Je suis Victoria Le Boloc’h-Salama, et aujourd’hui, je reçois Théo Casciani, un auteur âgé d’une trentaine d’années.
Ca fait plusieurs années que j’entends souvent le nom de Théo Casciani autour de moi. D’abord en 2019, avec Rétine, son premier livre publié chez P.O.L, et puis avec d’autres textes déclinant son écriture en performances, films, expositions et bien d’autres choses… Début 2026, j’entends à encore son nom car il vient de sortir Insula, son second roman, toujours chez P.O.L. - et ça finit par m’intriguer. D’autant que Théo Casciani, lui-même, donne l’impression d’être toujours en mouvement, comme sur une ligne imaginaire qui relierait Paris, Marseille, Bruxelles, et parfois beaucoup plus loin, jusqu’à Kyoto, Rome, New York.
Avant de faire sa connaissance, j’ai d’abord rencontré ses textes. A travers eux, j’ai eu l’impression de traverser moi aussi des images, des lieux - des Mercuriales de la Porte de Bagnolet jusqu’aux tours du quartier d’affaires de Londres, en passant par les rues perpendiculaires de Berlin ou les zones pavillonnaires de Béziers.

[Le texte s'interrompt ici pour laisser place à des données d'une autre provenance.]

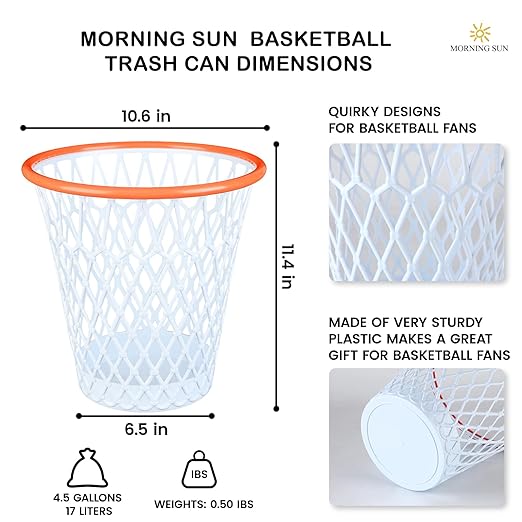 2 PCS Basketball Trash Can,Wastebasket,Basketball gift,4.5 Gallon,Size11"x11"x12"Basketball Hoop,Basketball Holder display,Garbage Can,Basketball Net Waste Basket for Office,Bedroom,Gym,Sport party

Et puis un jour, ça se rejoint - justement au pied des Mercuriales : on se rencontre un après-midi de mars. Comme si, d’un coup, la fiction faisait face au réel. Je lui donne rendez-vous chez moi, un après-midi de mars alors qu’il est entre deux trains : il arrive de Bruxelles, il repart le soir même pour Marseille. C’est dans cet intervalle que commence cette conversation…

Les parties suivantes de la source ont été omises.